Immediately prior to the Reverse Stock Split and as of the date hereof, the Company has 153,265,000 ordinary shares issued and outstanding, consisting of 145,265,000 Class A ordinary shares and 8,000,000 Class B ordinary shares. Upon the effectiveness of the Reverse Stock Split, every fifty (50) shares of the Company’s issued and outstanding Class A ordinary shares as of the effective date will automatically be combined into one (1) Class A ordinary share, and every fifty (50) shares of the Company’s issued and outstanding Class B ordinary shares as of the effective date will automatically be combined into one (1) Class B ordinary share. Such adjustments will reduce the total number of outstanding ordinary shares from 153,265,000 to approximately 3,065,300, with the number of Class A ordinary shares of the Company decreasing from 145,265,000 to approximately 2,905,300 and the number of outstanding Class B ordinary shares of the Company decreasing from 8,000,000 to approximately 160,000.

 

All outstanding options, warrants and other securities entitling holders to purchase or receive ordinary shares will be adjusted in accordance with their respective terms.

 

About Wellchange Holdings Company Limited

 

Wellchange Holdings Company Limited is an enterprise software solution services provider headquartered in Hong Kong. The Company conducts all operations in Hong Kong through its operating subsidiary, Wching Tech Ltd Co. The Company provides customized software solutions, cloud-based software-as-a-service (“SaaS”) platforms, and “white-label” software design and development services. The Company’s mission is to empower our customers and users, in particular, small and medium businesses, to accelerate their digital transformation, optimize productivity, improve customer experiences, and enable resource-efficient growth with our low-cost, user-friendly, reliable and integrated all-in-one Enterprise Resource Planning software solutions.

 

For more information, please visit the Company’s website: https://www.wchingtech.com/

 

Forward-Looking Statements

 

Certain statements in this announcement are forward-looking statements. These forward-looking statements involve known and unknown risks and uncertainties, including the closing of the Offering, and are based on the Company’s current expectations and projections about future events that the Company believes may affect its financial condition, results of operations, business strategy and financial needs. Investors can find many (but not all) of these statements by the use of words such as “approximates,” “believes,” “hopes,” “expects,” “anticipates,” “estimates,” “projects,” “intends,” “plans,” “will,” “would,” “should,” “could,” “may” or other similar expressions. Although the Company believes that the expectations expressed in these forward-looking statements are reasonable, it cannot assure you that such expectations will turn out to be correct. The Company cautions investors that actual results may differ materially from the anticipated results and encourages investors to read the risk factors contained in the Company’s reports it files with the SEC before making any investment decisions regarding the Company’s securities. The Company undertakes no obligation to update or revise publicly any forward-looking statements to reflect subsequent occurring events or circumstances, or changes in its expectations, except as may be required by law.

 

For investor and media inquiries, please contact:

 

Wellchange Holdings Company Limited

Shek Kin Pong, CEO

Email: contactus@wchingtech.com

FAQ

What reverse stock split did Wellchange (WCT) approve and when is it effective?

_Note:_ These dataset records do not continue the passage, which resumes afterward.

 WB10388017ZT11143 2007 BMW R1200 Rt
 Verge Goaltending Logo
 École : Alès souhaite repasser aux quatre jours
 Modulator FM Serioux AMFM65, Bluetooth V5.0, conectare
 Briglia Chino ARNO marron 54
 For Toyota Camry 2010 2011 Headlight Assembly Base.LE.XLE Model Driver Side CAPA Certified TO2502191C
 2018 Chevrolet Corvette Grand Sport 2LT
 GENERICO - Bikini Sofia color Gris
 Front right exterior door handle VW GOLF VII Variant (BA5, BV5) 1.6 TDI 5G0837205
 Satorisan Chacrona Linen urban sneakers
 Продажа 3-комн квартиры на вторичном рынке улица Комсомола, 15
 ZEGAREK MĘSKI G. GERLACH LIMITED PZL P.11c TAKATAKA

Wellchange approved a 1-for-50 reverse stock split of its ordinary shares, effective for trading when the market opens on March 6, 2026. Class A shares will continue on Nasdaq under “WCT” on a post-split basis with a new CUSIP.

How does the 1-for-50 reverse stock split change Wellchange (WCT) share count?

The reverse split reduces total outstanding ordinary shares from 153,265,000 to approximately 3,065,300. Class A shares fall from 145,265,000 to about 2,905,300, and Class B shares from 8,000,000 to about 160,000, while preserving relative ownership stakes.

Will Wellchange (WCT) shareholders receive fractional shares after the reverse split?

No fractional shares will be issued. Any shareholder who would otherwise receive a fractional share will have that amount rounded up to the next whole share, resulting in one full post-split Class A or Class B ordinary share as applicable.

How are Wellchange’s authorized shares and par value affected by the reverse split?

After the reverse split, authorized ordinary shares will be 20,000,000, comprising 18,000,000 Class A and 2,000,000 Class B shares. The par value of both classes will increase to $0.0025 per share, aligning with the reduced share count.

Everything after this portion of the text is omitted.